|Office of the Attorney General - State of Texas
January 15, 1999
Ms. Marie Dolores Cordova
Dear Ms. Cordova:
You ask whether certain information is subject to required public disclosure under chapter 552 of the Government Code, the Open Records Act. Your request was assigned ID# 123108 and # 123133.
The City of Jourdanton (the "city") received requests from a city councilperson for city bank statements from October 1, 1991, through October 30, 1998, and for police reports "in which an Uzi machine gun with a 30-round clip and a sawed off shotgun were caused to be in the vault at the Jourdanton Police Department and any other information relating to the acquisition of those weapons." You submit information responsive to the requests. We do not understand you to raise any exceptions to disclosure of the requested information. Rather, you ask whether the requested materials may lawfully be released to the requestor.(1)

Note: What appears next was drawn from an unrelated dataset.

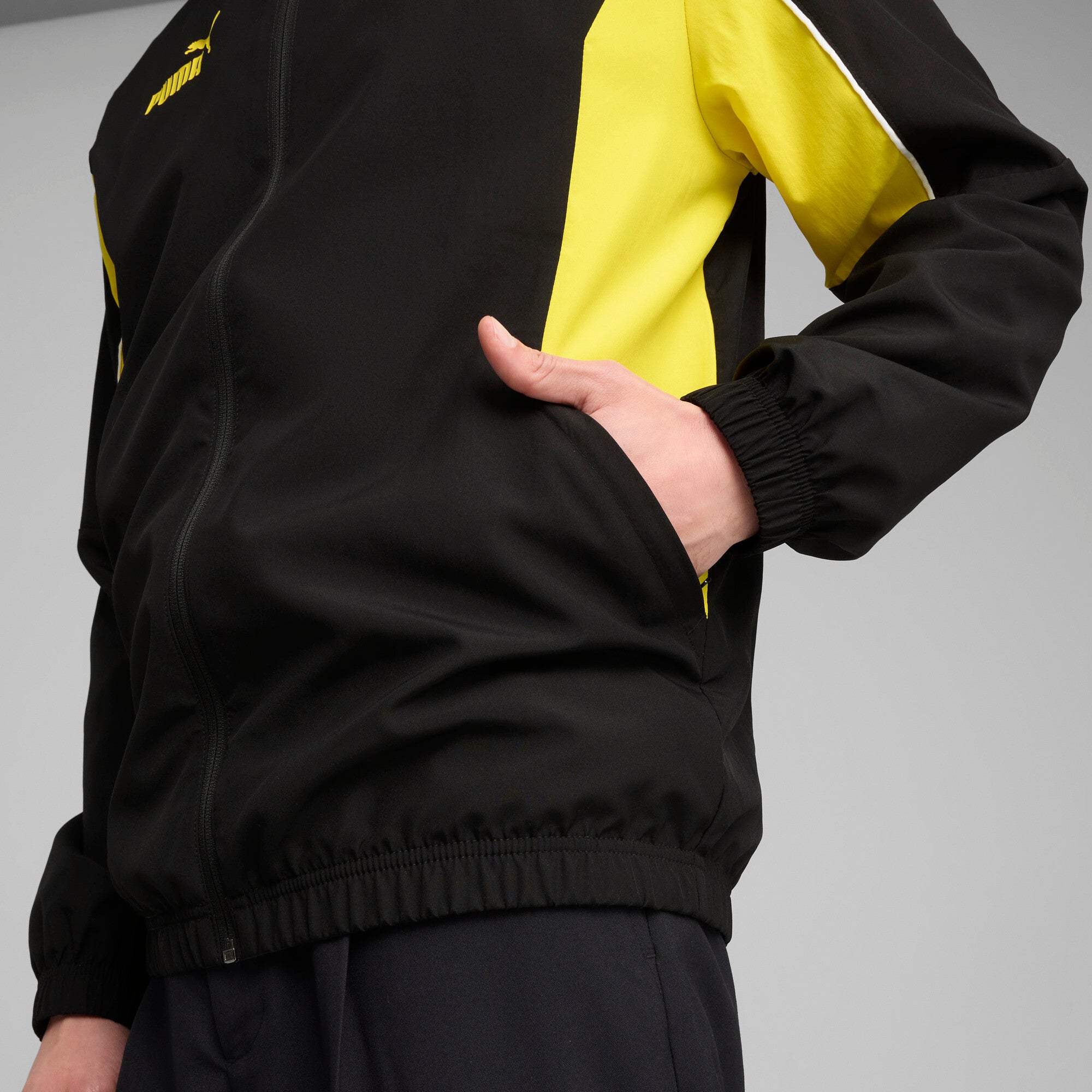 [779108-02] Mens Puma BVB FTBLARCHIVE JACKET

You received the requests for information on November 25, 1998 and December 3, 1998. You did not seek a decision from this office until January 6, 1999, and January 5, 1999, respectively. Consequently, you have not met your statutory burden. Gov't Code § 552.301. The requested information, except for confidential information contained therein, is therefore presumed public. However, since we find that the requestor here has a right of access to the information at issue in its entirety, we need not further consider here the consequences of the city's lack of timeliness in seeking the decision of this office.
The requestor is a member of the city council and indicates in the requests that the information is to be used in her official duties. This office has previously ruled that members of the governing body of a state or local governmental entity have an inherent right to examine the records of the governmental entity if they request access to the records in their official capacity. See Attorney General Opinion JM-119 (1983); Attorney General Letter Opinion No. 93-69 (1993). Therefore, the requested records must be made available in their entirety to the requestor here. Please note, however, that the records you submitted appear to contain information made confidential under sections 552.101, 552.117, and 552.130 of the act. Although we have found that the city must release the requested information in its entirety to the requestor here, the city and the requestor are prohibited from distributing confidential information contained therein to the public. Gov't Code § 552.352. See also, Attorney General Letter Opinion 69 (1993) (members of governmental body may examine confidential information without waiving its confidentiality or affecting the governmental body's authority to withhold it from public disclosure).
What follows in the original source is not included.